Thanks to powerful telescopes and new robotic explorers like Europa Clipper and JUICE now on their way, our knowledge of this system is growing every year. The moon count keeps ticking up as we find new, tiny members of the family. These discoveries are not just about counting; they are about understanding how our solar system formed and, most exciting of all, whether life could exist on an icy ocean world far from the Sun.
As we continue to explore Jupiter’s moons, what do you think is the more exciting possibility: finding simple forms of life in Europa’s ocean, or discovering that a world as big as Ganymede could also be habitable?
FAQs – People Also Ask
What is the biggest moon in the solar system?
The biggest moon in our solar system is Jupiter’s moon Ganymede. It is even larger than the planet Mercury and the dwarf planet Pluto. If it were orbiting the Sun by itself, it would be considered a planet.
How many moons does Saturn have in 2025?
As of 2025, Saturn is the “moon king” with 146 known moons. For a while, Jupiter’s count was higher, but recent discoveries at Saturn have put it back in the lead. Both planets likely have many more tiny, undiscovered moons.
Can you see Jupiter’s moons from Earth?
Yes, you can! The four largest moons—Io, Europa, Ganymede, and Callisto—are bright enough to be seen from Earth with a good pair of binoculars or any small telescope. They will look like four small, star-like dots in a line next to the bright planet.
Why does Earth only have one moon?
Our Moon is very large compared to the size of Earth. The most popular theory is that a giant, Mars-sized object smashed into the young Earth billions of years ago. The debris from this massive collision was thrown into orbit and eventually came together to form our Moon.
What is a retrograde moon?
A retrograde moon is one that orbits its planet in the opposite direction of the planet’s rotation. Many of Jupiter’s small, irregular moons are retrograde. This is strong evidence that they did not form with Jupiter but were captured by its gravity.
What is the Europa Clipper mission?
Europa Clipper is a NASA spacecraft that launched in 2024 and will arrive at Jupiter in 2030. Its main goal is to study Jupiter’s moon Europa by performing dozens of close flybys to see if its hidden, subsurface ocean of liquid saltwater has the right conditions for life.
What is the JUICE mission?
JUICE is a European Space Agency (ESA) spacecraft that launched in 2023. It will arrive at the Jupiter system in 2031 to study three of the icy moons: Ganymede, Callisto, and Europa.
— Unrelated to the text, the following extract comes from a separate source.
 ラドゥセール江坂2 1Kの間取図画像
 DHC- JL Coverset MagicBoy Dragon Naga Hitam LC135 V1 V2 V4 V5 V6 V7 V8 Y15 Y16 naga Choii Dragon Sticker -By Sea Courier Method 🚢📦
In 2034, it will become the first spacecraft to ever orbit another planet’s moon (Ganymede).
Why is Jupiter’s moon Io so full of volcanoes?
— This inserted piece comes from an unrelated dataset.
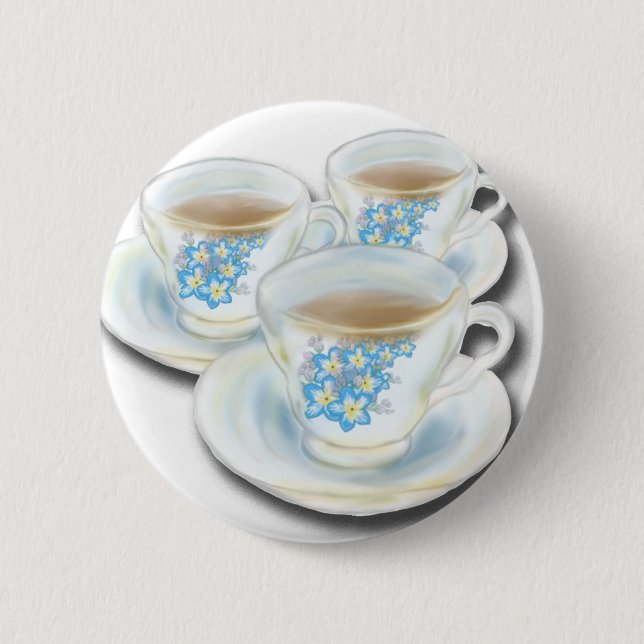 English Tea Set - China with forgetmenot flowers Pinback Button (Front)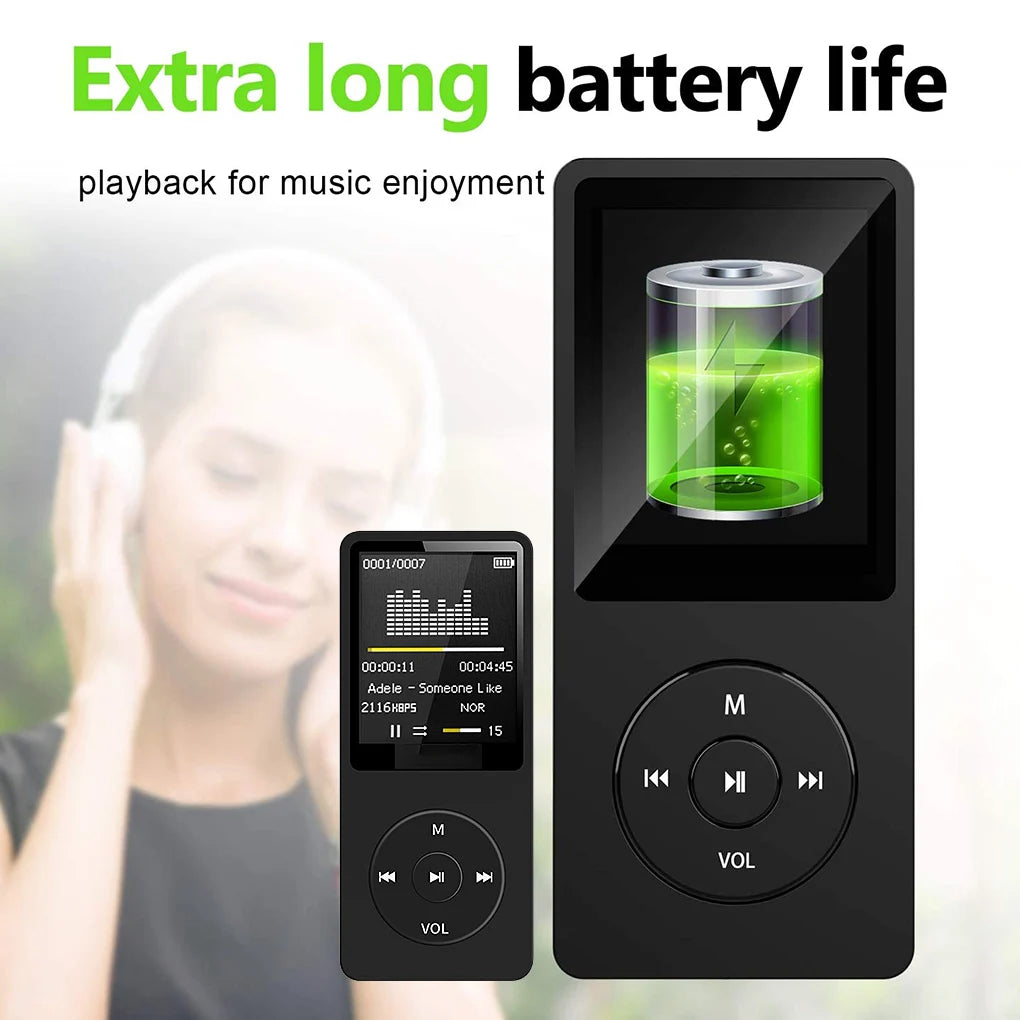 MP3 Player USB Charging Record Digital Display Screen Media Lossless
Io is the most volcanically active body in the solar system. This is caused by “tidal heating.” Io is in a gravitational tug-of-war between the massive Jupiter and the other large moons. This constant pulling and stretching flexes the moon, generating enormous heat in its interior, which escapes through volcanoes.
What is an irregular moon?
An irregular moon is typically small, has a strange “lumpy” shape, and has a large, tilted, and often “backward” (retrograde) orbit. These moons were not formed with their planet but were instead asteroids or comets that were captured by the planet’s gravity. Most of Jupiter’s 97 moons are irregular.
How do moons get their names?
New moons are first given a temporary name, like S/2022 J 1. Once their orbit is 100% confirmed, the International Astronomical Union (IAU) is responsible for naming them. For Jupiter, most moons are named after characters from Greek mythology who were lovers or descendants of the god Zeus (the Greek name for Jupiter).